NIPS Proceedingsβ

Multi-step learning and underlying structure in statistical models

Part of: Advances in Neural Information Processing Systems 29 (NIPS 2016)

[PDF] [BibTeX] [Supplemental] [Reviews]


Conference Event Type: Poster


In multi-step learning, where a final learning task is accomplished via a sequence of intermediate learning tasks, the intuition is that successive steps or levels transform the initial data into representations more and more ``suited" to the final learning task. A related principle arises in transfer-learning where Baxter (2000) proposed a theoretical framework to study how learning multiple tasks transforms the inductive bias of a learner.

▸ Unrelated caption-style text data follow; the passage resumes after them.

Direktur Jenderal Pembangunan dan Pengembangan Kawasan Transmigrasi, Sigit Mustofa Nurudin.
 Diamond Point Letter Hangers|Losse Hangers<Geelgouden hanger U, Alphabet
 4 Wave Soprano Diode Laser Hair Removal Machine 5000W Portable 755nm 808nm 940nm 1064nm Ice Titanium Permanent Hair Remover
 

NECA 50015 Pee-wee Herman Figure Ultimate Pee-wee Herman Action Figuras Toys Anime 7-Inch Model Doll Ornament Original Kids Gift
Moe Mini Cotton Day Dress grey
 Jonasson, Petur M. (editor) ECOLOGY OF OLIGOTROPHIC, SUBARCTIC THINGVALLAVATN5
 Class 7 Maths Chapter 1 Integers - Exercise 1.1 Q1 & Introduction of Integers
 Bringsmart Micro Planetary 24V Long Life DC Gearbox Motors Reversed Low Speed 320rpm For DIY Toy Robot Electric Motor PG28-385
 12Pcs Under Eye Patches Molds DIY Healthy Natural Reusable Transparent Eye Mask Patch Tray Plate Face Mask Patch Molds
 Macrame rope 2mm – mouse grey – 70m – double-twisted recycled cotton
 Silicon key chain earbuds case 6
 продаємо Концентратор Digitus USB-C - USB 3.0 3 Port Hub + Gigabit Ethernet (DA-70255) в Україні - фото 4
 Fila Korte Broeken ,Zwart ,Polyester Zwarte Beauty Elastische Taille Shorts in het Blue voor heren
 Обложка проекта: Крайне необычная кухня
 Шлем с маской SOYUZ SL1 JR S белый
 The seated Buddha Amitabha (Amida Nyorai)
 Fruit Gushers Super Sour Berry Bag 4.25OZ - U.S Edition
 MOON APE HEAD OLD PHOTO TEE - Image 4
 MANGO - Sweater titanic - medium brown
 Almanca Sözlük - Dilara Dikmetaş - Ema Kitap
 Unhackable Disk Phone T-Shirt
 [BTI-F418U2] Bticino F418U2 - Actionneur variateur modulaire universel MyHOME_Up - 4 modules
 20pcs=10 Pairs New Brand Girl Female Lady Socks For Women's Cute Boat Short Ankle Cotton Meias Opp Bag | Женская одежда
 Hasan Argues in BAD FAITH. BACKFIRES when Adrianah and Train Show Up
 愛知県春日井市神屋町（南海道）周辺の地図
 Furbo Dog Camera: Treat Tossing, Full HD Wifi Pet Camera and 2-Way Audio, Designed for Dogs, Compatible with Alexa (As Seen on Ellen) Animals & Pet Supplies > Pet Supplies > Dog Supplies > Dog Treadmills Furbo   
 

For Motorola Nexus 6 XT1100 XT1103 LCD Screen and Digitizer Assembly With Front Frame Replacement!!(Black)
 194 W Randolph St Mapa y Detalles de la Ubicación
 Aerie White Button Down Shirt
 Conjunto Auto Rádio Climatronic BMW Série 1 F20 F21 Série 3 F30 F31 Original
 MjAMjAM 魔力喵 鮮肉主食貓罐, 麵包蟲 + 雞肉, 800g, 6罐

The most widespread multi-step learning approach is semi-supervised learning with two steps: unsupervised, then supervised. Several authors (Castelli-Cover, 1996; Balcan-Blum, 2005; Niyogi, 2008; Ben-David et al, 2008; Urner et al, 2011) have analyzed SSL, with Balcan-Blum (2005) proposing a version of the PAC learning framework augmented by a ``compatibility function" to link concept class and unlabeled data distribution. We propose to analyze SSL and other multi-step learning approaches, much in the spirit of Baxter's framework, by defining a learning problem generatively as a joint statistical model on $X \times Y$. This determines in a natural way the class of conditional distributions that are possible with each marginal, and amounts to an abstract form of compatibility function. It also allows to analyze both discrete and non-discrete settings. As tool for our analysis, we define a notion of $\gamma$-uniform shattering for statistical models. We use this to give conditions on the marginal and conditional models which imply an advantage for multi-step learning approaches. In particular, we recover a more general version of a result of Poggio et al (2012): under mild hypotheses a multi-step approach which learns features invariant under successive factors of a finite group of invariances has sample complexity requirements that are additive rather than multiplicative in the size of the subgroups.